• [WHAT YOU HAVE TO DO]: Instruction for the entries that follow: retype exactly the lines from the line with "Il Bergey s Manual of Systematic Bacteriology Il" to the line with "Monoclonal Anti-HEMAGGLUTININ antibody", both included, and omit all others.

Caption-style text data:
———
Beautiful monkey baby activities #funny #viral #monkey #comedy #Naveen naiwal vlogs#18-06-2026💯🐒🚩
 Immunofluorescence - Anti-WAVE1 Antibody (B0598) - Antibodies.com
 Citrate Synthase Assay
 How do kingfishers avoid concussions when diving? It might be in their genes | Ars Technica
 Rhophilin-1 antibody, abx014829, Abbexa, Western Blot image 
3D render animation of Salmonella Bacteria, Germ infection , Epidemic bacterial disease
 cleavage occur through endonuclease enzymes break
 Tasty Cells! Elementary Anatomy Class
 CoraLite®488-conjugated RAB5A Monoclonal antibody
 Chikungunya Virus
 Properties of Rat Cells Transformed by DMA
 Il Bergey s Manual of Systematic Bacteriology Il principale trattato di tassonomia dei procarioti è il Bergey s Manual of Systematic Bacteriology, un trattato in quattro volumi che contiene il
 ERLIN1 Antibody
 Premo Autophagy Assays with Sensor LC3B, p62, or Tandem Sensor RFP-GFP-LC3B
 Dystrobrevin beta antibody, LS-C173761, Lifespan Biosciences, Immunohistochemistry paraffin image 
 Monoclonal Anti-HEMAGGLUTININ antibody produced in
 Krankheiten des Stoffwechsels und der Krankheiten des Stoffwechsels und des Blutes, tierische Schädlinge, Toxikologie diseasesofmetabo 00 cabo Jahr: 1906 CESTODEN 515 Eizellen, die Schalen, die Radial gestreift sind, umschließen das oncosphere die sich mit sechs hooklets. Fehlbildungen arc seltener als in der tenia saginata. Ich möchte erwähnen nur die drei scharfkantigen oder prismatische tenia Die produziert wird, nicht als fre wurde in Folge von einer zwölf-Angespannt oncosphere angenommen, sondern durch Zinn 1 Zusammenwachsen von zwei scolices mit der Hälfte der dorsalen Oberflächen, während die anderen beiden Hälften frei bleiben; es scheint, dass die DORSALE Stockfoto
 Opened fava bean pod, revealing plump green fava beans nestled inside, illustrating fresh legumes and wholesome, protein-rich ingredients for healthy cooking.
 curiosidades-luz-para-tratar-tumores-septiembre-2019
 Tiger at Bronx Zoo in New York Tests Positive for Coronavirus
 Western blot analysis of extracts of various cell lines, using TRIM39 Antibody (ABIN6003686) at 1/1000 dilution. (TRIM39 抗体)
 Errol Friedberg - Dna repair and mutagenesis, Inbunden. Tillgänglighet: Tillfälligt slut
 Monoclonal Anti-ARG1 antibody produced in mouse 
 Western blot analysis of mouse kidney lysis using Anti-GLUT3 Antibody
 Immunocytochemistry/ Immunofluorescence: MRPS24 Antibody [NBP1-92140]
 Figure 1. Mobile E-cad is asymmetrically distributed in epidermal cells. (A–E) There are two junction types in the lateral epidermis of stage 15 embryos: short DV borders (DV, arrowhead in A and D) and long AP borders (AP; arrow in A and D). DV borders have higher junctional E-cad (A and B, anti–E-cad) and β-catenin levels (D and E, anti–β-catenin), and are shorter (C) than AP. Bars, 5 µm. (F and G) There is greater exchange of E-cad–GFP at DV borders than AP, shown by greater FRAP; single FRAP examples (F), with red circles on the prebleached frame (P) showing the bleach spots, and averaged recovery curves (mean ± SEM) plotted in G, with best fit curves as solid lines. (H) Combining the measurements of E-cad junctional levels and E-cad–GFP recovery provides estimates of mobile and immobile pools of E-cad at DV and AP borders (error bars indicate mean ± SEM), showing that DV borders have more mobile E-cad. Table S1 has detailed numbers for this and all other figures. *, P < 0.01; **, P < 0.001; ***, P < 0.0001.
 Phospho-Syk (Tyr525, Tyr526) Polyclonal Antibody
———
• [EXERCISE RESULT]:
 Il Bergey s Manual of Systematic Bacteriology Il principale trattato di tassonomia dei procarioti è il Bergey s Manual of Systematic Bacteriology, un trattato in quattro volumi che contiene il
 ERLIN1 Antibody
 Premo Autophagy Assays with Sensor LC3B, p62, or Tandem Sensor RFP-GFP-LC3B
 Dystrobrevin beta antibody, LS-C173761, Lifespan Biosciences, Immunohistochemistry paraffin image 
 Monoclonal Anti-HEMAGGLUTININ antibody produced in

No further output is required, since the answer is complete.